The team was not just trained to win, it was trained to prove Communist ideology was better than American Capitalism. The Red Army members were considered heroes in Russia (people always liked victories, right?) and served propaganda purposes. The training itself was horrible: 11 months in a camp away from their families, up to 5 trainings a day, etc. But what can I say, it was working. They were the best, they were literally flying on ice. It’s that impressive.
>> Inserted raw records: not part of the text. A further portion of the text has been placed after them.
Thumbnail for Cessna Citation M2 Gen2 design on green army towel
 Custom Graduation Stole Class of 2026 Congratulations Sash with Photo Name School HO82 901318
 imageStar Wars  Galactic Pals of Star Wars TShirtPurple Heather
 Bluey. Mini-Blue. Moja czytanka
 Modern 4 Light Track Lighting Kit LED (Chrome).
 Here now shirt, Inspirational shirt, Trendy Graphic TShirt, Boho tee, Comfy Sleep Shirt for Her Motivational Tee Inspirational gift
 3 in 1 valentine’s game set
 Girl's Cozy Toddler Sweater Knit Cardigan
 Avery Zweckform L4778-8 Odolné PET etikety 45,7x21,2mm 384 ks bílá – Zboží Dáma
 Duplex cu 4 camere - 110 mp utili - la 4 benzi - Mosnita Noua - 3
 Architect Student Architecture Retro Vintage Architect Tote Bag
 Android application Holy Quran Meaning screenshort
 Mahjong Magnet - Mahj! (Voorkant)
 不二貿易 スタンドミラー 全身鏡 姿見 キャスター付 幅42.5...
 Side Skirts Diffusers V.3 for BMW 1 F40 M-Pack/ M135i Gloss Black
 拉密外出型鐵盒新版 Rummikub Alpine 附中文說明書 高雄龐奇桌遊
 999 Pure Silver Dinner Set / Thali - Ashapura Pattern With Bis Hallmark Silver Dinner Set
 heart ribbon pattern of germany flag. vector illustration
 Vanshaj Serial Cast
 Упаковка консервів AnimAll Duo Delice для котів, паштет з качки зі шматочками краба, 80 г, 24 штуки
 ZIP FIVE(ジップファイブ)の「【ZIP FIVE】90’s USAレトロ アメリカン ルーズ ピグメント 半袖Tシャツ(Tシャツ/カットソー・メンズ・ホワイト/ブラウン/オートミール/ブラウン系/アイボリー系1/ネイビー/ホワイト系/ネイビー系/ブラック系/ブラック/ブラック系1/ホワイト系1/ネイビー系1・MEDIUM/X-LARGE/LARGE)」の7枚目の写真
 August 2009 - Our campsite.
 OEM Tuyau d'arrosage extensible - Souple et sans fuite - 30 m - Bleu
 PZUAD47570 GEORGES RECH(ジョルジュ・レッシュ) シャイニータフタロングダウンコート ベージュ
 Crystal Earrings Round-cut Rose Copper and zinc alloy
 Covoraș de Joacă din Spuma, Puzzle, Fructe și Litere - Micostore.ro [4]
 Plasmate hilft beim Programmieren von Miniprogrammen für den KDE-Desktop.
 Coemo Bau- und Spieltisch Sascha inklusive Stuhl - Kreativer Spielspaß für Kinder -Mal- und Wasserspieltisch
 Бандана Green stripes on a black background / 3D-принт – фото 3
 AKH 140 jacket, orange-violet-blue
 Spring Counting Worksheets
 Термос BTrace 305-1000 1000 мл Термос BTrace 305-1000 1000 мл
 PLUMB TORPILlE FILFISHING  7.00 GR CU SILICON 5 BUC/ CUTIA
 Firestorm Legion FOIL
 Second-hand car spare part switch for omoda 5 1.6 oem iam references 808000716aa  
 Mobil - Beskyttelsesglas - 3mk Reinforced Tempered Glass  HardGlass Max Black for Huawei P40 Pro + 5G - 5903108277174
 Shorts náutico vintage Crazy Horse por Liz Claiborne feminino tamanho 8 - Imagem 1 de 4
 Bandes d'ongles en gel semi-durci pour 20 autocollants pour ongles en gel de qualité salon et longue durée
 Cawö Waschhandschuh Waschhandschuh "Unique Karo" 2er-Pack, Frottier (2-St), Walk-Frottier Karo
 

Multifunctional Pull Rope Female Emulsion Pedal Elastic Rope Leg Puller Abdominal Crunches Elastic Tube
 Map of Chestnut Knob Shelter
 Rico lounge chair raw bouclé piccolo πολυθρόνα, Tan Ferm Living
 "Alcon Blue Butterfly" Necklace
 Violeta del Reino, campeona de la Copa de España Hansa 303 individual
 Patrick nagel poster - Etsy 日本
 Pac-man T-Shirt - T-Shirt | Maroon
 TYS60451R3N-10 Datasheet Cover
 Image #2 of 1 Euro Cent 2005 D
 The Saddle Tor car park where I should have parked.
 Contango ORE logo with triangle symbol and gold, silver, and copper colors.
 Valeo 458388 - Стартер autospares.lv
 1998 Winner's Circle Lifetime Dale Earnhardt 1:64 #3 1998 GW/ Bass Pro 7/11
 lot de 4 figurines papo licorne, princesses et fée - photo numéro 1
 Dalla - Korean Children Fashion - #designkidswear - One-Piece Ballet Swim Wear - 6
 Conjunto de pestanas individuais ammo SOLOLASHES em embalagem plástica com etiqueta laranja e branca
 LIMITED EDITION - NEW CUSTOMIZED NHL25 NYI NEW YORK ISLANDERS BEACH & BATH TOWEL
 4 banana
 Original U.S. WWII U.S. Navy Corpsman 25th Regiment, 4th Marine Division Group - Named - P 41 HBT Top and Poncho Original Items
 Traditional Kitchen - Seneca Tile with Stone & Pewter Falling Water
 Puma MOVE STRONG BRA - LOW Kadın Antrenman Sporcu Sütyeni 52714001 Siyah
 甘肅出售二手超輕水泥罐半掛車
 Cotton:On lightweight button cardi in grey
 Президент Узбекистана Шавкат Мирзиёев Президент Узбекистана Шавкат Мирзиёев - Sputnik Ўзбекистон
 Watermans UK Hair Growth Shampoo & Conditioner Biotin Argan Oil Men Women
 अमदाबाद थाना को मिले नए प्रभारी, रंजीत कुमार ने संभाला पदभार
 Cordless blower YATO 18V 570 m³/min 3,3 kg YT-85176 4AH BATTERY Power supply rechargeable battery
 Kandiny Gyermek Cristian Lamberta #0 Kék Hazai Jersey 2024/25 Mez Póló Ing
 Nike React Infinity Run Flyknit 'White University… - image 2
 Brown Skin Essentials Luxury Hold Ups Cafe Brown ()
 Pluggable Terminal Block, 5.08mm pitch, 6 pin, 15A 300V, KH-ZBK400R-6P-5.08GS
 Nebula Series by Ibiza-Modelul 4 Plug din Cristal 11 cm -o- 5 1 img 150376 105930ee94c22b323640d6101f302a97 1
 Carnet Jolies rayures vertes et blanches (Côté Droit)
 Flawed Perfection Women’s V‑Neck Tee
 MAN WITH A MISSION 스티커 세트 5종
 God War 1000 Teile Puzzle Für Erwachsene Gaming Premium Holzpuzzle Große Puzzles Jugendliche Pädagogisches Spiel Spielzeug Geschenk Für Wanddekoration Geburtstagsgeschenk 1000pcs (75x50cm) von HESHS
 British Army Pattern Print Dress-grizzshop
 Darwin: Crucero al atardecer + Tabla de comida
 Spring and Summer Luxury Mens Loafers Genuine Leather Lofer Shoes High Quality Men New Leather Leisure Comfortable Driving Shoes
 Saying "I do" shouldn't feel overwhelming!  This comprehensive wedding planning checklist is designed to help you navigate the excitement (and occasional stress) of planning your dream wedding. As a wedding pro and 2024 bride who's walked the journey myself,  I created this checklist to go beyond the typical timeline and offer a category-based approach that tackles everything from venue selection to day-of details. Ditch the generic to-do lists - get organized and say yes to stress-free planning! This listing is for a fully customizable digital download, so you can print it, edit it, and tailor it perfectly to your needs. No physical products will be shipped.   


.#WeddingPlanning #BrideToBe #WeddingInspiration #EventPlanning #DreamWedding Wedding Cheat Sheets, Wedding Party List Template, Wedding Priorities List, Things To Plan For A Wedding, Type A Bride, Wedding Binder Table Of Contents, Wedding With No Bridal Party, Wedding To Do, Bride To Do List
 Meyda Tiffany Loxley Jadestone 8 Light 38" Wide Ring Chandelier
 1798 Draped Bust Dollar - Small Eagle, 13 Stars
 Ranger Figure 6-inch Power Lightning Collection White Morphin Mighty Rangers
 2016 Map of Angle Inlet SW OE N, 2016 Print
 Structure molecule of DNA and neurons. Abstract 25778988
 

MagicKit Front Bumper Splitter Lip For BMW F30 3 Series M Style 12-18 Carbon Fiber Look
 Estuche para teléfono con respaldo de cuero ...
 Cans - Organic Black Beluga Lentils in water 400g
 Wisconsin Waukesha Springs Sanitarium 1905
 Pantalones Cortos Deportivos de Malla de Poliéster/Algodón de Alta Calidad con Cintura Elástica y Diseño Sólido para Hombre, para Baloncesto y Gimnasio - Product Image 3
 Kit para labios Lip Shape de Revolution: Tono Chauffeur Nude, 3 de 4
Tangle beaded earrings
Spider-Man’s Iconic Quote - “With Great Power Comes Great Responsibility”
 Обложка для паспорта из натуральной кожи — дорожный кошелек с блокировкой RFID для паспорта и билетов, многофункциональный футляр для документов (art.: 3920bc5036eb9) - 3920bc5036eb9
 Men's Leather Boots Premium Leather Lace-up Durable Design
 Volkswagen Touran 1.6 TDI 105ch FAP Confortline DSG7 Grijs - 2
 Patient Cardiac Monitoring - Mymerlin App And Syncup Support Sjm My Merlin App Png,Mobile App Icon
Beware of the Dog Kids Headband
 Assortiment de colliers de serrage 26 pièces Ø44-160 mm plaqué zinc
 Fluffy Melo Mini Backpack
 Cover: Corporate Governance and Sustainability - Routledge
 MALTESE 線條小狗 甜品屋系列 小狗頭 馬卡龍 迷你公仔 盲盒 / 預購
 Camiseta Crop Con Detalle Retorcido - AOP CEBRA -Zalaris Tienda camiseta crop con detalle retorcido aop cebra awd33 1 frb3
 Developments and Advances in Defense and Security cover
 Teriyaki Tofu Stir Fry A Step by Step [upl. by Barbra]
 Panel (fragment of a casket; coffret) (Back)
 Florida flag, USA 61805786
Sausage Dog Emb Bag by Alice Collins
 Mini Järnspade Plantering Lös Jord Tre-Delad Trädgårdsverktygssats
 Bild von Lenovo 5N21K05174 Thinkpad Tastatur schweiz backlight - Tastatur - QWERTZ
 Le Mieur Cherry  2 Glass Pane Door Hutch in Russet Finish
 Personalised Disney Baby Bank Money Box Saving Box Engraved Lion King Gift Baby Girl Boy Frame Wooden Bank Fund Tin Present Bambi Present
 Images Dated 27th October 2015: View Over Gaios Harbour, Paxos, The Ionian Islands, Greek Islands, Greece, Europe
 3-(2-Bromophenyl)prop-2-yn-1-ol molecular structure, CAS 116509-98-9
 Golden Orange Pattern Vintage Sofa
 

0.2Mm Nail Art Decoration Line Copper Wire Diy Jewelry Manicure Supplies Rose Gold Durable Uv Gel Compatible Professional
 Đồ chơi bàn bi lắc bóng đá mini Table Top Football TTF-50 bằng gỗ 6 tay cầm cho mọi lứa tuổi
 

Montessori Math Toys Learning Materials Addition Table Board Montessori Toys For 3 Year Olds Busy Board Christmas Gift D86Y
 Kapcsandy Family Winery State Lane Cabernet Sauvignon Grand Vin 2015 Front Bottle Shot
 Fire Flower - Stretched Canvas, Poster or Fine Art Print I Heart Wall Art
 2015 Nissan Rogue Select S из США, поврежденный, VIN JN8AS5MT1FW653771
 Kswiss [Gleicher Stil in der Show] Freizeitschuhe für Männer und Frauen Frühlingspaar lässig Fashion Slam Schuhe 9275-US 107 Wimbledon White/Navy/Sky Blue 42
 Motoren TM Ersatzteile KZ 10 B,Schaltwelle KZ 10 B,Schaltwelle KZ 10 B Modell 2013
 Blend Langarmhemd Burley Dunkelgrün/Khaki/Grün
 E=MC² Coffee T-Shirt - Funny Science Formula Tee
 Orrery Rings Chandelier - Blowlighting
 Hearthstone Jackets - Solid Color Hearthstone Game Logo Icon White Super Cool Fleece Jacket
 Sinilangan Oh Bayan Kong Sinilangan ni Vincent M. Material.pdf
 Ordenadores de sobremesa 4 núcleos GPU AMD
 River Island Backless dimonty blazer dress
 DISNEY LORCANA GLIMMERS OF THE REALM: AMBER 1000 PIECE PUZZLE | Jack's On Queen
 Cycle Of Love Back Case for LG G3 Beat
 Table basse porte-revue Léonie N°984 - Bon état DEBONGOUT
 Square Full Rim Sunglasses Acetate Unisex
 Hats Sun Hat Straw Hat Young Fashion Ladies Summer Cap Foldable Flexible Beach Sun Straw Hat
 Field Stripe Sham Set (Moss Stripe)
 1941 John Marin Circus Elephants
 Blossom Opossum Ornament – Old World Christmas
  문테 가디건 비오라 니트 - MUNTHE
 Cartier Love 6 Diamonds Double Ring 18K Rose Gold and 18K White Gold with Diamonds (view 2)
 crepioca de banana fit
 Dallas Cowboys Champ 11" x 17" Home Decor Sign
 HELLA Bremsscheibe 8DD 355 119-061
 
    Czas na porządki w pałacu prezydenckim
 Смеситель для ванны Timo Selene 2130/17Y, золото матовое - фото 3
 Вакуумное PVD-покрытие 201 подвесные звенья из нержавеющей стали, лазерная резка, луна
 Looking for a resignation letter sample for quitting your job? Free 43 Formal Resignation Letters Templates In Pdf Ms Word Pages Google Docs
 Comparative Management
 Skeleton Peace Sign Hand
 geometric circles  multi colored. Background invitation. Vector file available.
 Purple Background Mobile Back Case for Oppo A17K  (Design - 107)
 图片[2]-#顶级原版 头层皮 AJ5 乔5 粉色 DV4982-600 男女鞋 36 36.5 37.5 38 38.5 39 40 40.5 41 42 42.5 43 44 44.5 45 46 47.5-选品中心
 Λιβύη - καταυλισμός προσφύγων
While invited to the US and Canada for games, and being exposed to overwhelming luxury (the West’s method to prove its superiority), Slava Fetisov says he never even considered escaping and betraying its country. This proves his sense of honor and loyalty towards his nation; when on the other hand he's not afraid to defy the highest authorities after they deceived him. The NHL (National Hockey League) offers him the chance to play for them -- several times -- while Fetisov is promised twice by the Soviets: “if you win the championship, you’ll go play for the Americans.” But doing what they said they’d do didn’t exactly define the USSR.
The movie also explores the bonds the players developed: they were like brothers; and in parallel, Red Army shows the power of the Soviet state: it made Fetisov’s best friend deny him publicly, after he announced he would not play for the Red Army anymore. What's more after this, Fetisov was refused everywhere because ice field’s owners were afraid of being killed if they let him in.
Whether it was on purpose or not, one thing that surprised me is the director’s attitude. Facing Fetisov, Polsky seems very shy, even frightened. He doesn’t insist when he doesn’t get the answer he is looking for... Well, everybody is not Michael Moore, I guess.